● WORK TASK: Once you reach the line containing "Furnimy Patio Furniture" in the data below, restate each line word for word up to and including the one containing "Don Drysdale Orel".

● MATERIAL SHOWN:
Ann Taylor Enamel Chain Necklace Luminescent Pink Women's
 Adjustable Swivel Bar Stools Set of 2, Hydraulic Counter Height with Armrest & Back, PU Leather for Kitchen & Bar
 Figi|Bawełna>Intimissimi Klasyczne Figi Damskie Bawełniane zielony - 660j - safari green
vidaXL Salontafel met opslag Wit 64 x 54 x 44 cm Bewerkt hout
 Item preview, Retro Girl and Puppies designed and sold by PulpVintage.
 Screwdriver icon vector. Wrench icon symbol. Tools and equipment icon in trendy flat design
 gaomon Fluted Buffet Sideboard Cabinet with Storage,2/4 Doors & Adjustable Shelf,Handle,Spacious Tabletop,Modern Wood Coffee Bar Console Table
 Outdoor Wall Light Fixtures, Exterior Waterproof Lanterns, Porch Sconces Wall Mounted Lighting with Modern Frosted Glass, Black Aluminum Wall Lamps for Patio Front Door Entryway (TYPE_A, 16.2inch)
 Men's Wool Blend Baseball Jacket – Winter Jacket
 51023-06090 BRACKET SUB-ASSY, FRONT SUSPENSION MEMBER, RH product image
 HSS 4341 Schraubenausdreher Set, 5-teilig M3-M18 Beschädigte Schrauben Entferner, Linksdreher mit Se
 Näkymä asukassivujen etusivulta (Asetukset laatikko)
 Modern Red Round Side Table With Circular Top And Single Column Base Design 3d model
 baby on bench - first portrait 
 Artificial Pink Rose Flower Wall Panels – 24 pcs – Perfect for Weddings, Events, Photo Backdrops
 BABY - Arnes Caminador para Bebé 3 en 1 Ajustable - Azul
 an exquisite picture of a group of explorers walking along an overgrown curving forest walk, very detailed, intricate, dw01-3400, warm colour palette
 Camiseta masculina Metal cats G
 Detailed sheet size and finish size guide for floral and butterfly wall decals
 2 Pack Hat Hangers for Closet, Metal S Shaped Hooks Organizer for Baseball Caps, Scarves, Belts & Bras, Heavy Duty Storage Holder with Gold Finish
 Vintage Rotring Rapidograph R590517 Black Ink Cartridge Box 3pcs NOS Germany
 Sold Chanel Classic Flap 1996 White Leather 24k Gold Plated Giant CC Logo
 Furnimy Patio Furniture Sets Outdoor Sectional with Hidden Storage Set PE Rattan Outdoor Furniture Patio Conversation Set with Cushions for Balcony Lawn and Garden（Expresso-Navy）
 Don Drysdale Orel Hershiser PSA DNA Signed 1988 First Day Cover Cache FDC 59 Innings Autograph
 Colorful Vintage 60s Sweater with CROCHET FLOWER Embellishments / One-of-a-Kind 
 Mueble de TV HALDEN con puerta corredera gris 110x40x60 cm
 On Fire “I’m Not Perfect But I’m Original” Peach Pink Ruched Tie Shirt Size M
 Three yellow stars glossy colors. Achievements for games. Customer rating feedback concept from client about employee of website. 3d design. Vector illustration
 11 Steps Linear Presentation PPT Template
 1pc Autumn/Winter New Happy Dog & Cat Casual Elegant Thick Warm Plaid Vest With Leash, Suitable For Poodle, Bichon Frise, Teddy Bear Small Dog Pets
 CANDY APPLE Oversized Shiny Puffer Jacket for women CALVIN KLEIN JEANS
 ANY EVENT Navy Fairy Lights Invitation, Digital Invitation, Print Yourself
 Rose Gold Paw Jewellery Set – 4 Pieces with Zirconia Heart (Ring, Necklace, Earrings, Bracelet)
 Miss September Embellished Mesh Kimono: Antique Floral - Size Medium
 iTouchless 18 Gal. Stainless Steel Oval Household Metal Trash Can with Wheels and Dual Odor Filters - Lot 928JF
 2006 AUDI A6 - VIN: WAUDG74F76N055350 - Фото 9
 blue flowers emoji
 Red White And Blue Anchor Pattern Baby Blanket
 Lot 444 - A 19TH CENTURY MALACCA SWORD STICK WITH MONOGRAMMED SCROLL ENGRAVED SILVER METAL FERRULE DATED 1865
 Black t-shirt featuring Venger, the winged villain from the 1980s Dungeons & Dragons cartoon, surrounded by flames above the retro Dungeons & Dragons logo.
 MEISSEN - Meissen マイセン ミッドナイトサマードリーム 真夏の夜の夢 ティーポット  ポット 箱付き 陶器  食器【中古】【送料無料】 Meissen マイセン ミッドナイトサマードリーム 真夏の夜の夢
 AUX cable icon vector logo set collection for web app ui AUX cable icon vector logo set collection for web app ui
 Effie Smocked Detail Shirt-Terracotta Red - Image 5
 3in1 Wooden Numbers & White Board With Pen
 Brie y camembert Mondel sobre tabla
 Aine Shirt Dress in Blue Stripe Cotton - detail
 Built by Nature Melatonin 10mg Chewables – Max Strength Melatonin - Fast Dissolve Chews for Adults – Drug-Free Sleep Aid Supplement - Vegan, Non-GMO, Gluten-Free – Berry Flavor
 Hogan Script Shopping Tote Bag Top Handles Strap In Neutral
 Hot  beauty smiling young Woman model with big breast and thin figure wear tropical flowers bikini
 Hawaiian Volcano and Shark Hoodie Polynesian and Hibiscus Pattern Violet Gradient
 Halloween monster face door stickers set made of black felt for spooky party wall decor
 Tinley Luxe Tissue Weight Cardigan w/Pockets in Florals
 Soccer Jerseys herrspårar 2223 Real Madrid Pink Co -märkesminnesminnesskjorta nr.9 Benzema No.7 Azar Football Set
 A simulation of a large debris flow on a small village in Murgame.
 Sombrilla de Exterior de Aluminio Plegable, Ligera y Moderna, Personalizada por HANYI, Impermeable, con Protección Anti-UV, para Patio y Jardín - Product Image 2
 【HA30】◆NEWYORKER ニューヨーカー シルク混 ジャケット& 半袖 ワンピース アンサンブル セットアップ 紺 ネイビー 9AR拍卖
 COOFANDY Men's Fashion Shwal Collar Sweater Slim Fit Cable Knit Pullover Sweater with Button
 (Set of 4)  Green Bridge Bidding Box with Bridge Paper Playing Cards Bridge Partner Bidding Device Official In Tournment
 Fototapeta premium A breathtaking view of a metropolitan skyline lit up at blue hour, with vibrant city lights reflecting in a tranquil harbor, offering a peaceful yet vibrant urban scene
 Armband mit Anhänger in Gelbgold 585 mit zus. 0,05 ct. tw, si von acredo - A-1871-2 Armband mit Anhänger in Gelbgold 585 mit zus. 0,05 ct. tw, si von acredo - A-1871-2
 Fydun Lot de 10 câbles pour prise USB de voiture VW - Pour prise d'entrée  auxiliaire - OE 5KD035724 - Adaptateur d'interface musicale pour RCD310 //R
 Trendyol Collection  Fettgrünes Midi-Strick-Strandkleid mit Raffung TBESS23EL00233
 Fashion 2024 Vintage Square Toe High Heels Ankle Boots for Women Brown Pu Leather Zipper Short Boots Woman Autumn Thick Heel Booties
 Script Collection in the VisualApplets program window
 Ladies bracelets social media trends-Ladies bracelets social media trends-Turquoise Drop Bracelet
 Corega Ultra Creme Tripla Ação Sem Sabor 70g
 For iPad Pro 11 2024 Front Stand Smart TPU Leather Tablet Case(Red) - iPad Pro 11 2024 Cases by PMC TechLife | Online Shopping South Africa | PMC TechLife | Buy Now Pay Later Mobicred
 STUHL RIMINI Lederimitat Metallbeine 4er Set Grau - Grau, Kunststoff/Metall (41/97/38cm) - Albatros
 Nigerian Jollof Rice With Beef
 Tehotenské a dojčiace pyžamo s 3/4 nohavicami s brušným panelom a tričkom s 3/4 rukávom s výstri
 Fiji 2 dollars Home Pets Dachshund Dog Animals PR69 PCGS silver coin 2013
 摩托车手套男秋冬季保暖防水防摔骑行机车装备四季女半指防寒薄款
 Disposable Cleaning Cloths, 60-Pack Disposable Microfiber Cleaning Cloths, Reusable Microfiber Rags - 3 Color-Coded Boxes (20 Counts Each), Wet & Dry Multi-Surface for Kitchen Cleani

● EXERCISE RESULT:
 Furnimy Patio Furniture Sets Outdoor Sectional with Hidden Storage Set PE Rattan Outdoor Furniture Patio Conversation Set with Cushions for Balcony Lawn and Garden（Expresso-Navy）
 Don Drysdale Orel Hershiser PSA DNA Signed 1988 First Day Cover Cache FDC 59 Innings Autograph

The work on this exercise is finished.